- **TASK ITEM**
Leave the pictures out and reproduce, exactly, the lines from the one with "10 Preset Di" through the end of the entries below.

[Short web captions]
=== Begin Enclosure ===

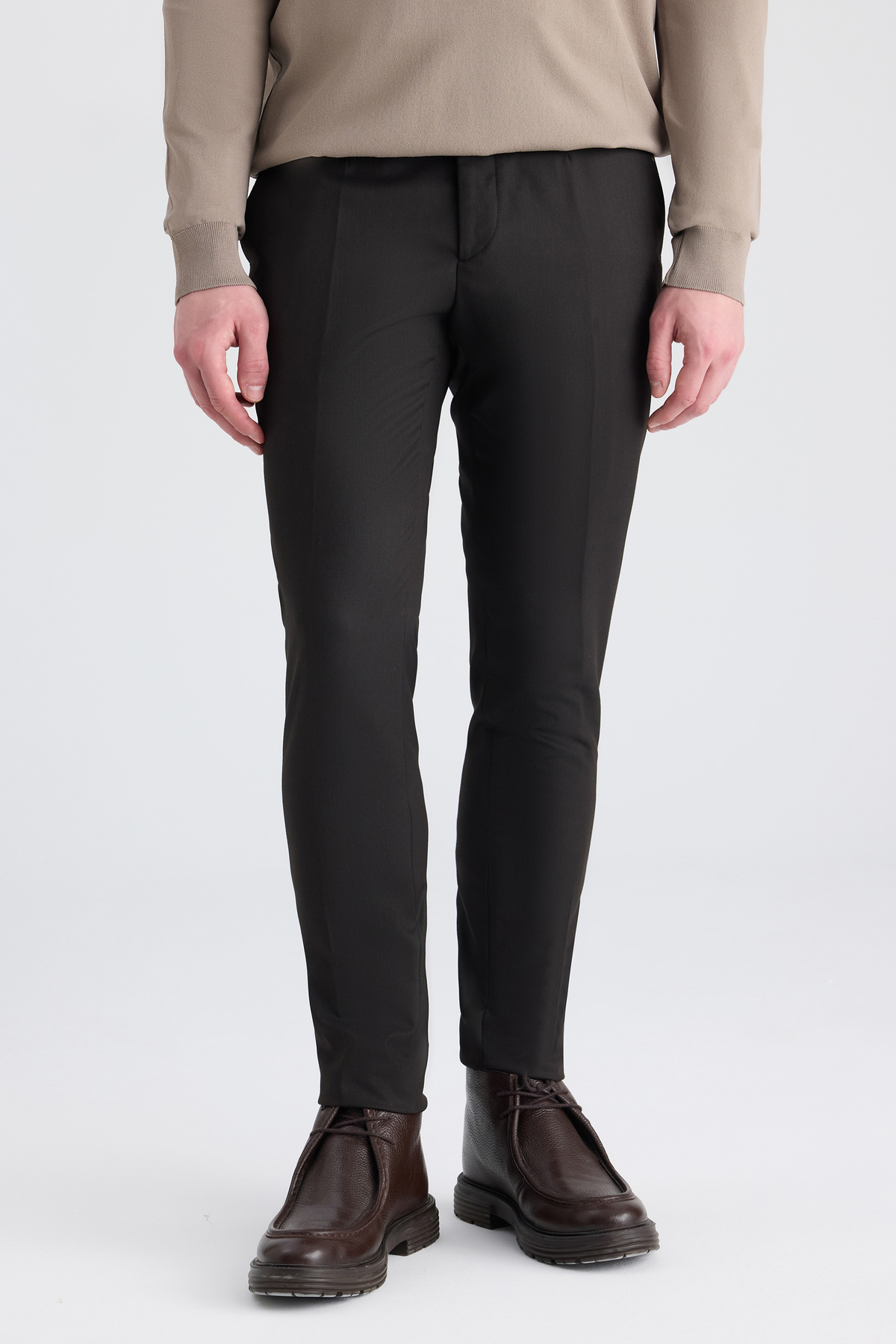 D'S Damat Ds Damat Slim Fit Kahverengi Kumaş Pantolon — قهوه‌ای 5HF03JB10321M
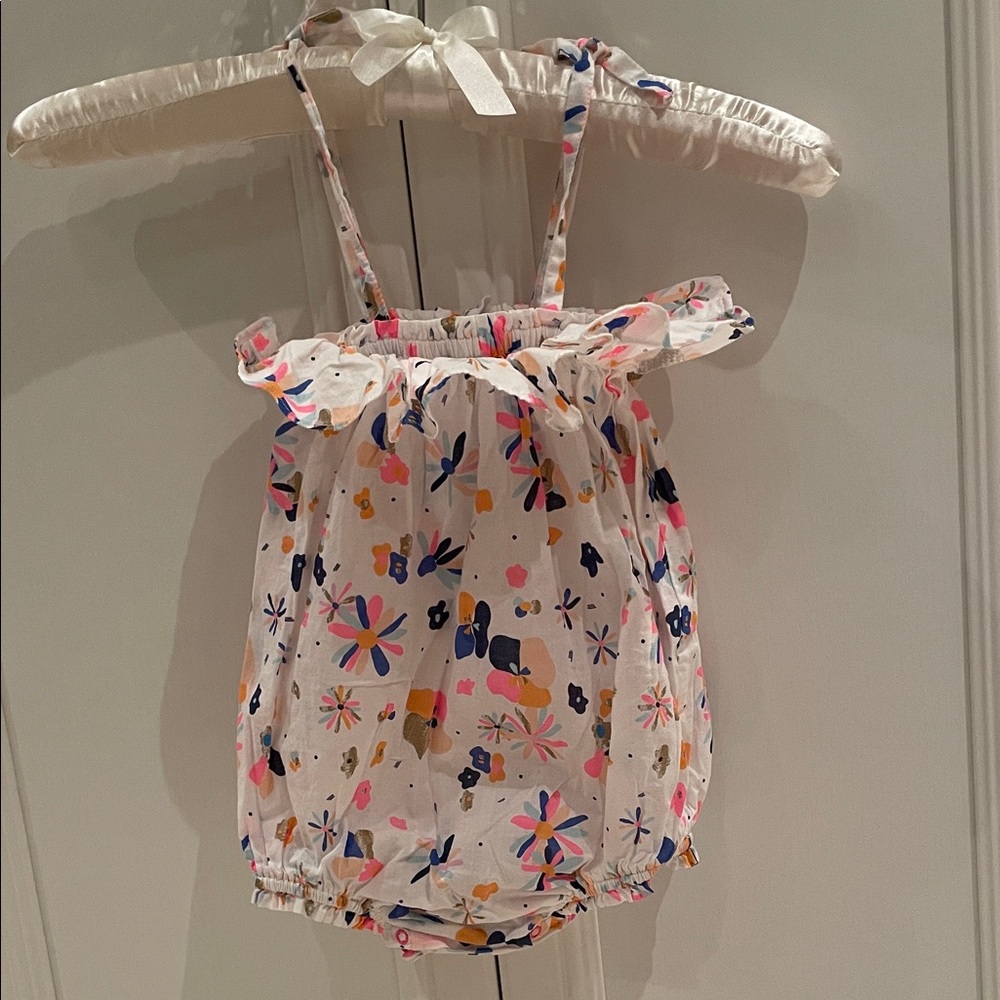 Floral Print Girl’s Romper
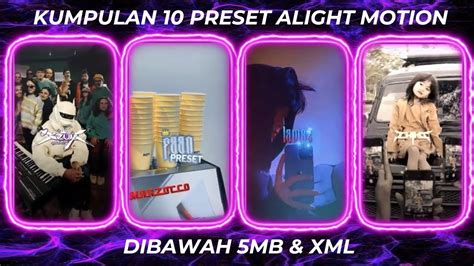 10 Preset Di Bawah 5mb Terbaru Cc Hd🎟️ Sound Dj Tiktok Serem Mengkane🎧🥶 Trend Tiktok Youtube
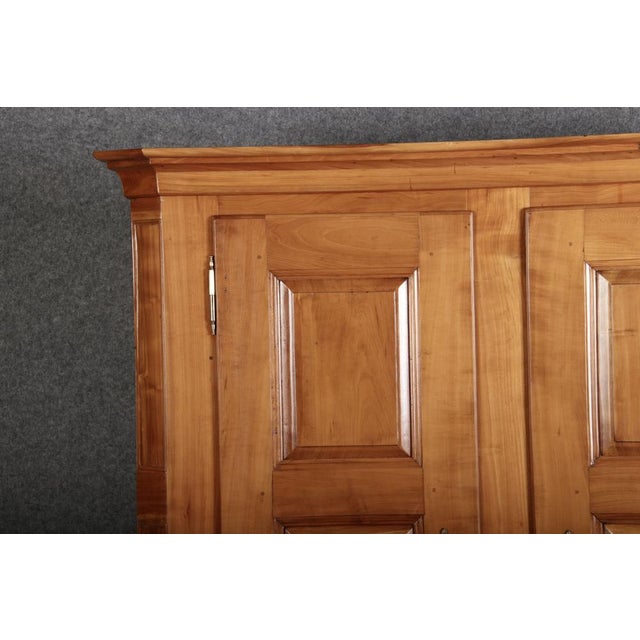 Antique Biedermeier Cabinet in Cherry, 1800s For Sale - Image 9 of 18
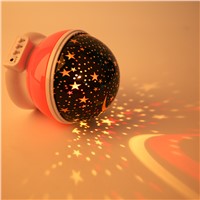 Amazing LED Rotation Night Sky Projector Starry Night Light Star Flashing Lamp Romantic Fairy Tale 5V Great Decoration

=== End Enclosure ===

- **TASK SOLUTION**
 10 Preset Di Bawah 5mb Terbaru Cc Hd🎟️ Sound Dj Tiktok Serem Mengkane🎧🥶 Trend Tiktok Youtube
 Antique Biedermeier Cabinet in Cherry, 1800s For Sale - Image 9 of 18
 Amazing LED Rotation Night Sky Projector Starry Night Light Star Flashing Lamp Romantic Fairy Tale 5V Great Decoration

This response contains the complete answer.